Sub-system 102 is, in many respects, representative of the various computer sub-system(s) in the present invention. Accordingly, several portions of sub-system 102 will now be discussed in the following paragraphs.

Sub-system 102 may be a laptop computer, tablet computer, netbook computer, personal computer (PC), a desktop computer, a personal digital assistant (PDA), a smart phone, or any programmable electronic device capable of communicating with the client sub-systems via network 114. Program 300 is a collection of machine-readable instructions and/or data that is used to create, manage and control certain software functions that will be discussed in detail, below, in the Example Embodiment sub-section of this Detailed Description section. As an example, a program 300 can comprise a web service test case writer, and/or the like.

Sub-system 102 is capable of communicating with other computer sub-systems via network 114. Network 114 can be, for example, a local area network (LAN), a wide area network (WAN) such as the Internet, or a combination of the two, and can include wired, wireless, or fiber optic connections. In general, network 114 can be any combination of connections and protocols that will support communications between server and client sub-systems.

Sub-system 102 is shown as a block diagram with many double arrows. These double arrows (no separate reference numerals) represent a communications fabric, which provides communications between various components of sub-system 102. This communications fabric can be implemented with any architecture designed for passing data and/or control information between processors (such as microprocessors, communications and network processors, etc.), system memory, peripheral devices, and any other hardware components within a system.

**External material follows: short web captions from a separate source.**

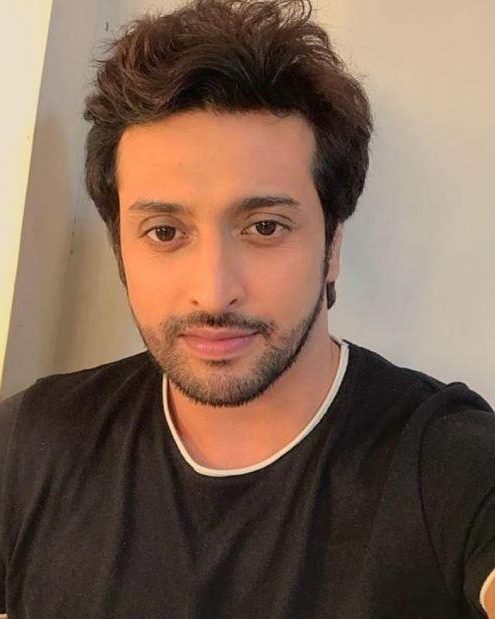 yash pandit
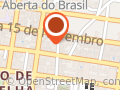 Rede Odonto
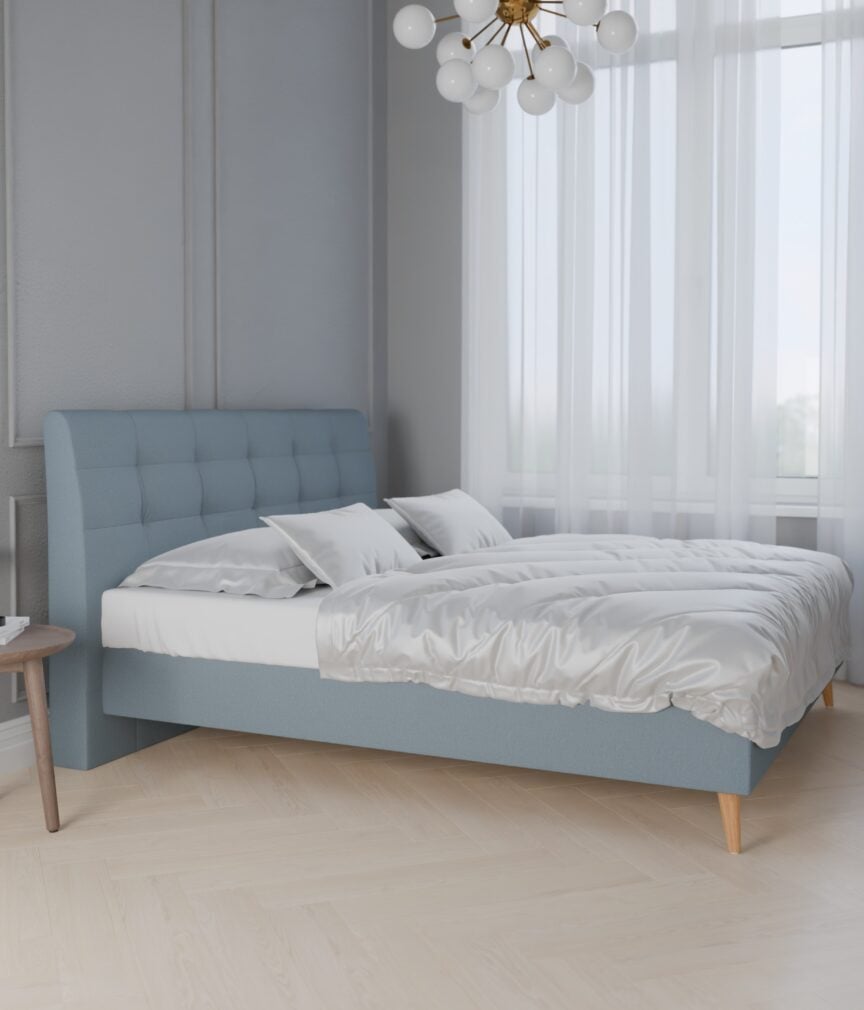 Feiner Mikrofaserstoff –  S-TBS26  Part27  Bed  overview.jpg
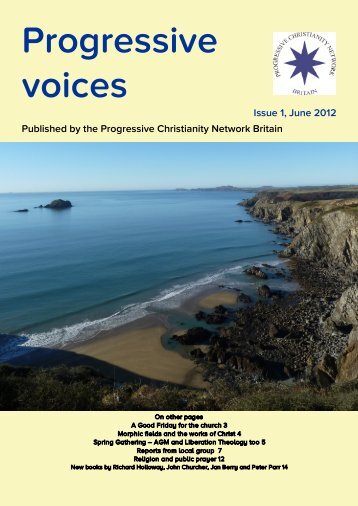 Download file 12_June_Progressive_voices.pdf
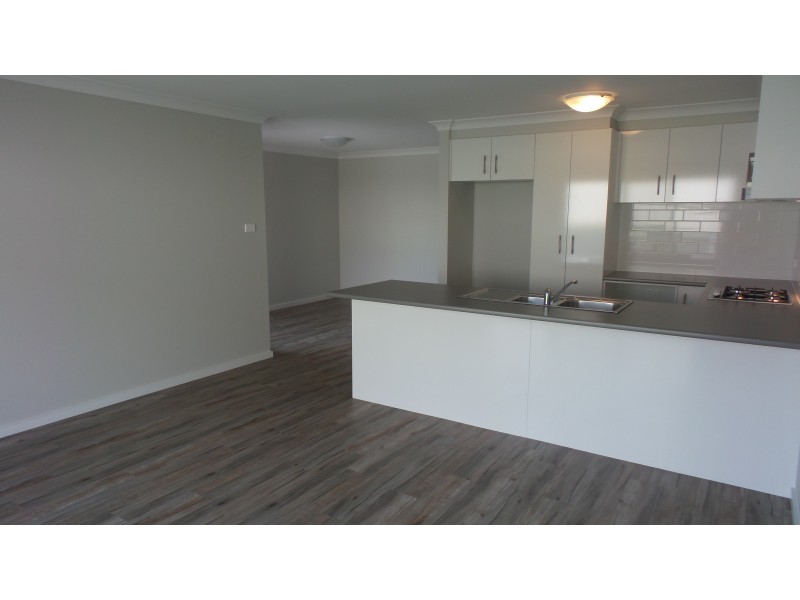 47b Basil Street, South Nowra NSW 2541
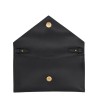 BORSA SMALL IN PELLE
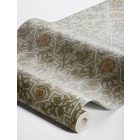 Boras / Anno tapéta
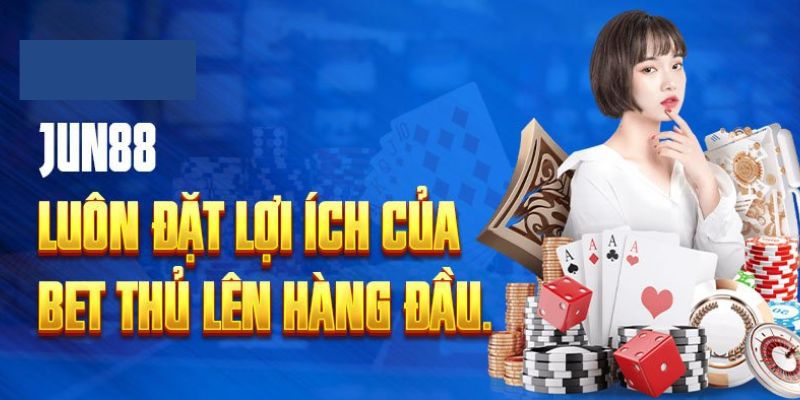 Sản phẩm nền tảng giải trí trực tuyến 168Vn - 168Vn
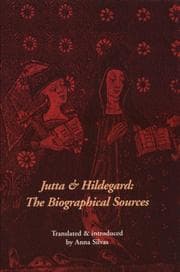 Jutta e Hildegard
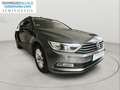 Volkswagen Passat Variant 1.6TDI Bluemotion 88kW Gris - thumbnail 3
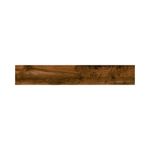 gres-porcelanico-esmaltado-madera-semimate-walnut-marron-15x90-appolo-14134-2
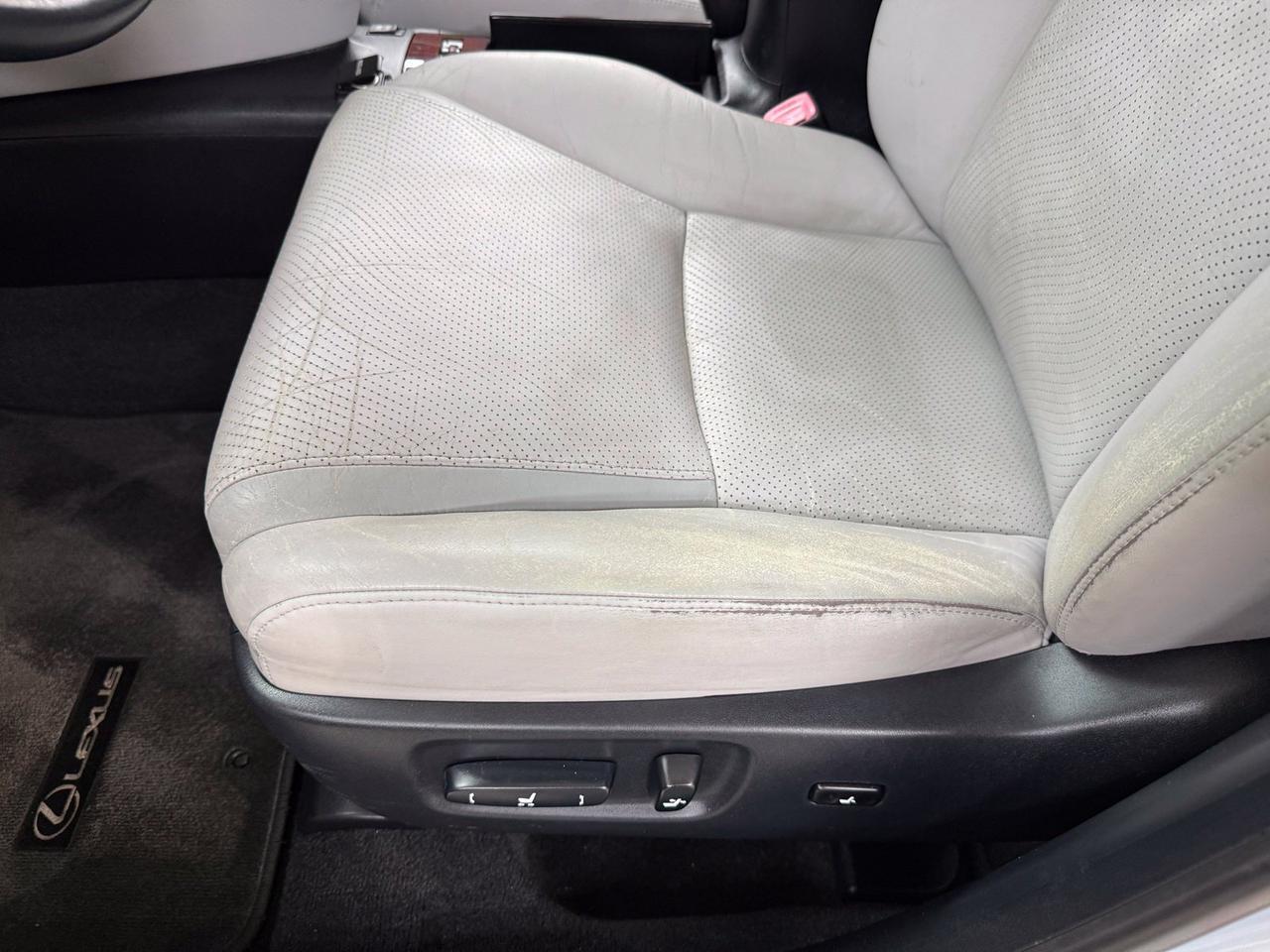 2010 Lexus HS 250h Annapolis MD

For example, the communications fabric can be implemented, at least in part, with one or more buses.

Memory device(s) 208 and persistent storage device(s) 210 are computer-readable storage media. In general, memory device(s) 208 can include any suitable volatile or non-volatile computer-readable storage media. It is further noted that, now and/or in the near future: (i) external device set 214 may be able to supply, some or all, memory for sub-system 102; and/or (ii) devices external to sub-system 102 may be able to provide memory for sub-system 102.

Program 300 is stored in persistent storage device(s) 210 for access and/or execution by one or more of the respective computer processors in processor set 204, usually through one or more memories of memory device(s) 208. Persistent storage device(s) 210: (i) is at least more persistent than a signal in transit; (ii) stores the program (including its soft logic and/or data), on a tangible medium (such as magnetic or optical domains); and (iii) is substantially less persistent than permanent storage. Alternatively, data storage may be more persistent and/or permanent than the type of storage provided by persistent storage device(s) 210.

Program 300 may include both machine readable and performable instructions and/or substantive data (that is, the type of data stored in a database). For example, program 300 may include machine readable and performable instructions to provide for performance of method operations as further disclosed herein. In this particular embodiment, persistent storage device(s) 210 includes a magnetic hard disk drive. To name some possible variations, persistent storage device(s) 210 may include a solid state hard drive, a semiconductor storage device, read-only memory (ROM), erasable programmable read-only memory (EPROM), flash memory, or any other computer-readable storage media that is capable of storing program instructions or digital information.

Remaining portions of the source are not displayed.